最強の職業「会社員」をしながら、外でやりたいことに挑戦することが僕の“はたらくWell-being”を実現するには欠かせないんです。
そして、会社員であり続けることを決め直したら、会社でもはたらき方にも変化がありました。
くぼちゃん
どういった変化ですか?
東松さん
以前は正直、仕事に対してどこか「会社からやらされている」と感じていました。でも、自分で決め直したことで、仕事に対し能動的に取り組めるようになったんです。
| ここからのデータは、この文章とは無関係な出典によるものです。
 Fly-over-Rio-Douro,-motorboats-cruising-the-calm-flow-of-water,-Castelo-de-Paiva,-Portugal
また、それまでは、仕事が人生の中心であり、会社の評価が自分の評価のすべてになっていました。けれども今は、自分の人生の中の一つの要素として会社が存在し、会社の評価だけが自分の評価ではないと考えられるようになりました。会社と自分の主従関係が逆転したんですよね。
くぼちゃん
ちなみに、会社員を辞めようと思ったことはなかったのでしょうか?
東松さん
なかったです。辞める必要がなかったんですよね。
以前出版した本を今年文庫化したのですが、その帯に編集者さんが、「働きながらどこにでも行ける」とつけてくれて。まさにその通りなんです。
くぼちゃん
大好きな旅を本業にしたいとは思わなかったのでしょうか?
東松さん
旅を本業にしてしまうと、自分が行きたくないところに行ったり、商業的なつまらない旅になってしまったりする気がしたんですよ。
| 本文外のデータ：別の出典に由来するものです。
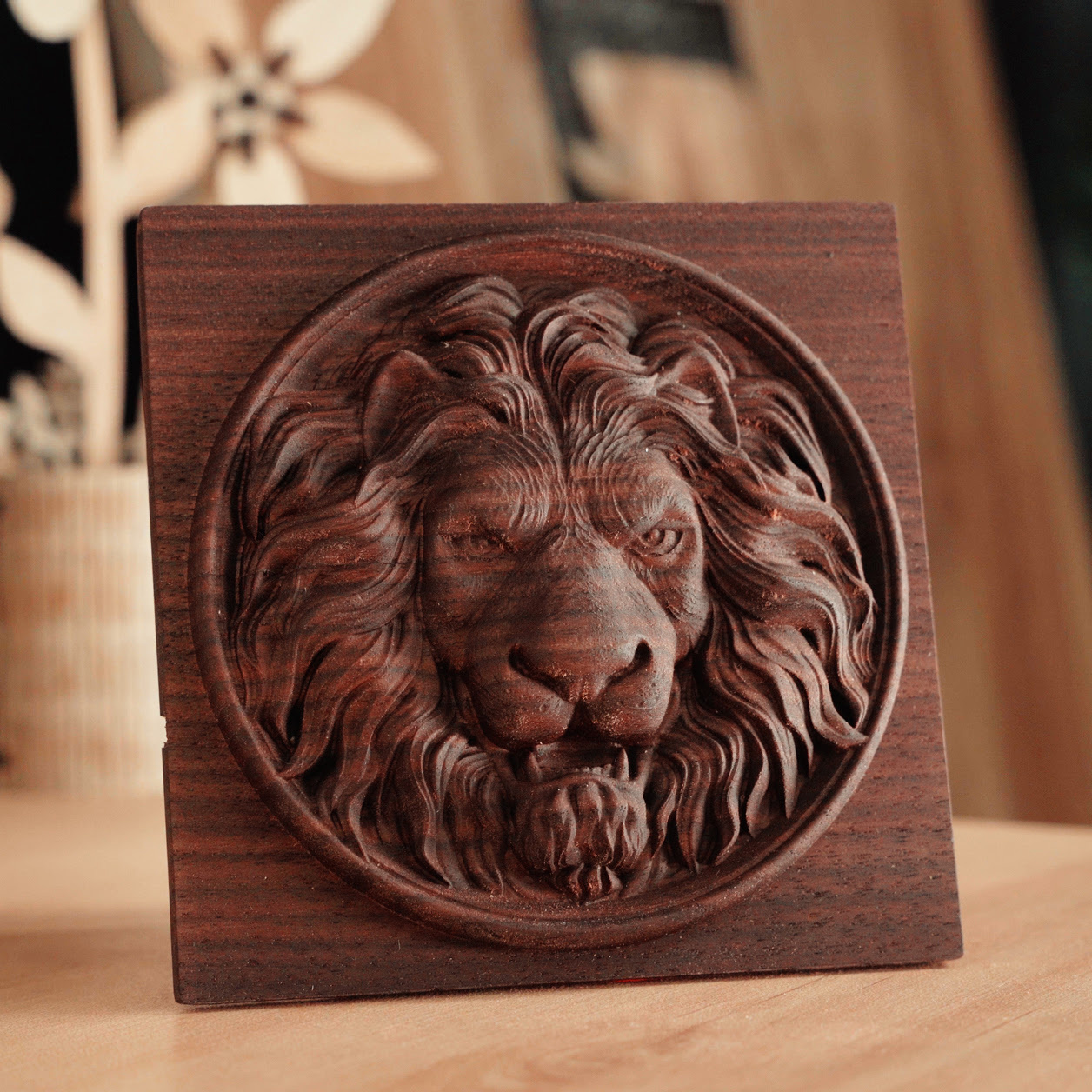 Square piece of black walnut wood with a circular milled design of a lion s head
自分が旅に求めることは、現地の人と話をして、知って、「生き方には選択肢があると伝える」ことですからね。旅はそのための手段であり、かつ大好きな趣味という位置づけです。
僕は、やりたいことを必ずしも仕事にしなくてもいいと思うんです。
やりたいことが会社の外にある可能性は大いにあり、僕の場合はまさにそうでした。会社員という土台があるからこそ、やりたいことに挑戦できる。やりたいことが見つかった相乗効果で、会社員の仕事も楽しくなっている。
やっぱり、「会社員」は最強の職業だと思います。
できないと決めているのは自分。生き方の選択肢を広く伝え、思い込みを外したい
くぼちゃん
東松さんのやりたいことである「生き方の選択肢を広く伝える」ということについて、詳しく教えてください。
東松さん
なにごとも「できないと決めているのは自分」であり、その思い込みを外せるような発信をしたいと思っています。
僕は会社員をしながら世界一周していますが、これは一見無謀だと思われがちなんですね。
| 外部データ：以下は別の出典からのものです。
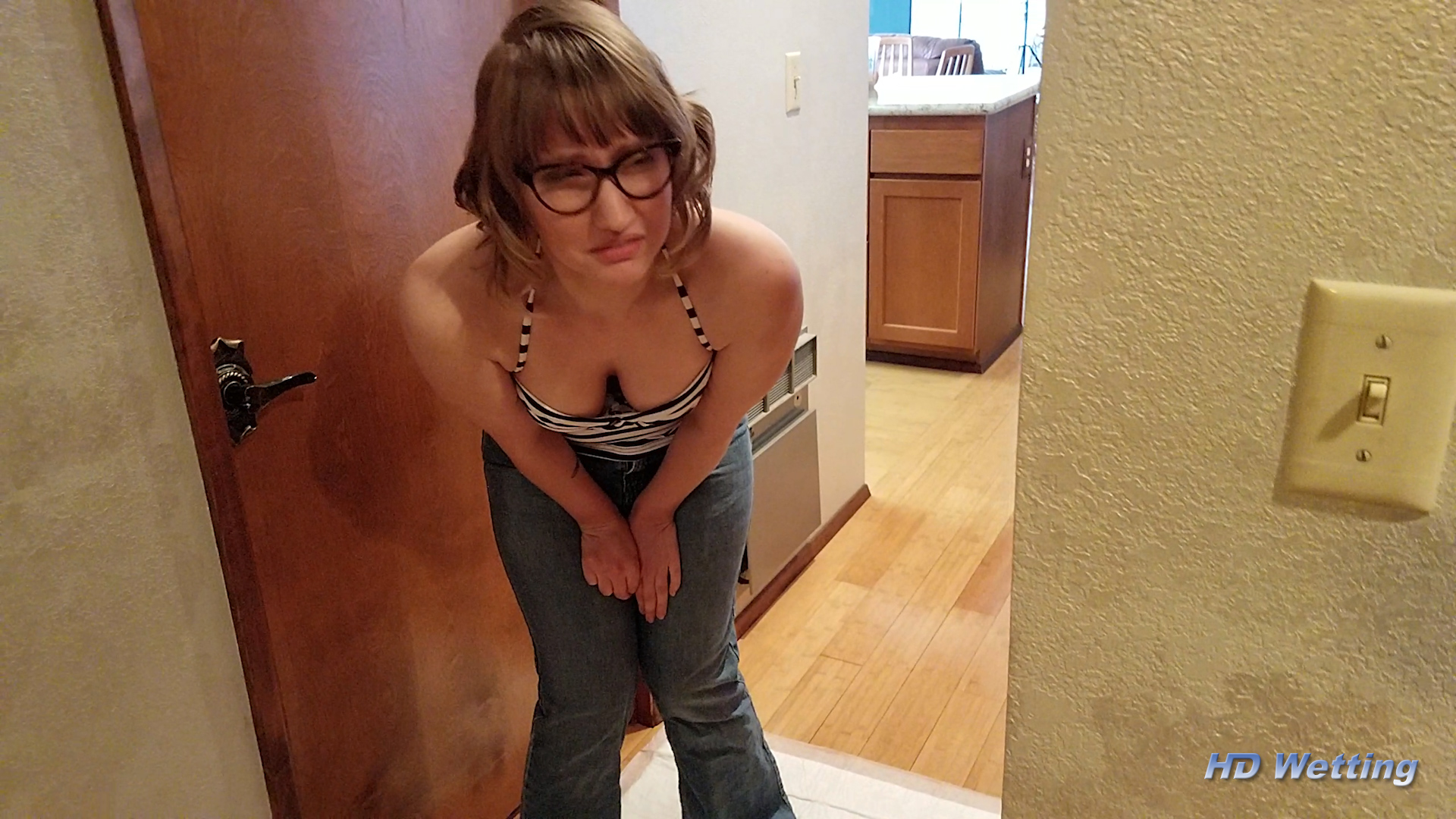 lyra-4 Lyra bends over and holds her crotch, desperate to pee.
でも実際は工夫することによって実現可能だった。リーマントラベラーという方法自体は少しクレイジーかもしれないけど、僕が発信することで、誰かの「できない」という思い込みが「できるかも?」に変化するきっかけになったらうれしいですね。
くぼちゃん
それらのお取り組みによって、東松さんが得られる喜びややりがいは何でしょうか?
東松さん
「投稿を見て、初めて海外ひとり旅に挑戦します!」「子どもが大きくならないと海外旅行は無理だと思っていましたが、行けるんですね!」など、みなさんのダイレクトな反応が見られることですね。
僕の発信を見て「一歩踏み出した」という声をもらえるのが、一番うれしい瞬間です。
くぼちゃん
願い通り、思い込みを外している人が増えているんですね!
東松さん
常時100人在籍しているリーマントラベルサロンというコミュニティも、思い込みを外すきっかけや、一歩踏み出すひとつのきっかけになればと思って運営しています。
旅好きな人たちが集うコミュニティはいくつかあると思うのですが、リーマントラベルサロンは、はたらくを軸にしたうえで旅をしたい方が多く集まっているという特徴があります。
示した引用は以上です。